For a statewide initiative petition to be successful, signers must number at least 10 percent of all those who voted in the previous general election. This number currently stands at 51,243. But the constitution recognizes population disparities and prohibits petitions that simply gather the raw 10 percent. The reasoning is sound. If raw numbers were allowed, those circulating petitions wouldn't go anywhere near the rural counties. So the constitution contains a provision requiring that for initiative petitions to be valid, they must contain signatures from at least 10 percent of the active voters in 13 of the state's 17 counties.
A quick review of the numbers shows the logic. In Esmeralda County, 619 people are registered to vote. In Eureka County, there are 894 registered voters.
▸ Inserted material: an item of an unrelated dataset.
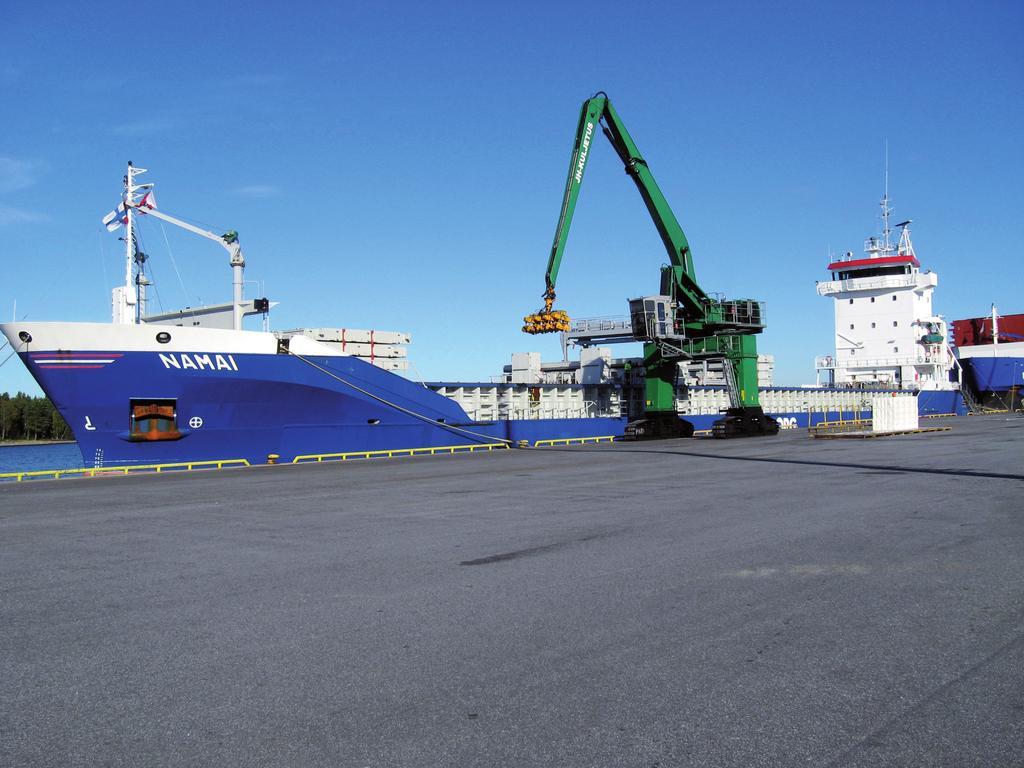 Supplier and authority services for ships Swift and efficient port calls. STEVEDORING Stevedoring with hydraulic port cranes Stevedoring capacity of eg.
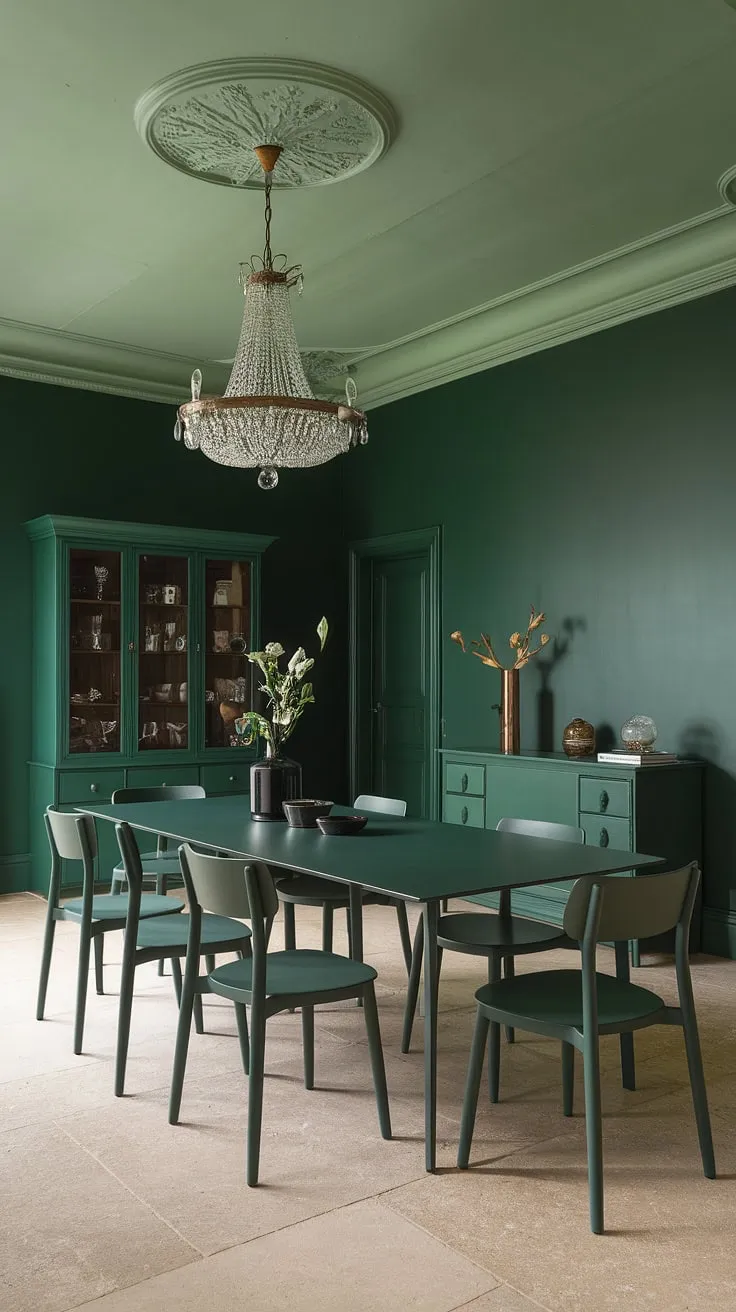 This emerald green dining room is a study in rich textures and calming hues. The dark green interior design is anchored by the deep green dining room walls, while a lighter green ceiling softens the overall mood. The dark green dining table and six matching chairs are perfectly positioned beneath a statement chandelier, creating a green formal dining room atmosphere. A coordinating green cabinet completes the look, all set against a neutral beige tile floor, showcasing a sophisticated take on green dining room design.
In Elko County, 18,247. All of the rural counties are small potatoes compared to Washoe and Clark counties, home of Reno and Las Vegas, where the registered voters number 190,144 and 588,028 respectively. If a raw 10 percent of those who voted were allowed, all of the signatures could be gathered from Clark County alone. The constitution is written so that changes in state law and the constitution itself cannot be proposed without participation by voters in the less populated counties.
But a federal lawsuit filed in Las Vegas this week would change this fair process. Filed by anti-tax activist Dan Burdish and state Sen. Sandra Tiffany, R-Henderson, the suit is based on a September decision by the 9th U.S. Circuit Court of Appeals, which struck down Idaho's multi-county approach to initiative petitions. The court ruled, mistakenly in our view, that Idaho's system gave too much power to the sparsely populated counties. The raw-vote system favored by Burdish and Tiffany, however, gives all the power to densely populated counties, with no regard for the rest of the state. We hope the 9th Circuit's decision affecting Idaho is overturned, and that the Burdish-Tiffany lawsuit is dismissed.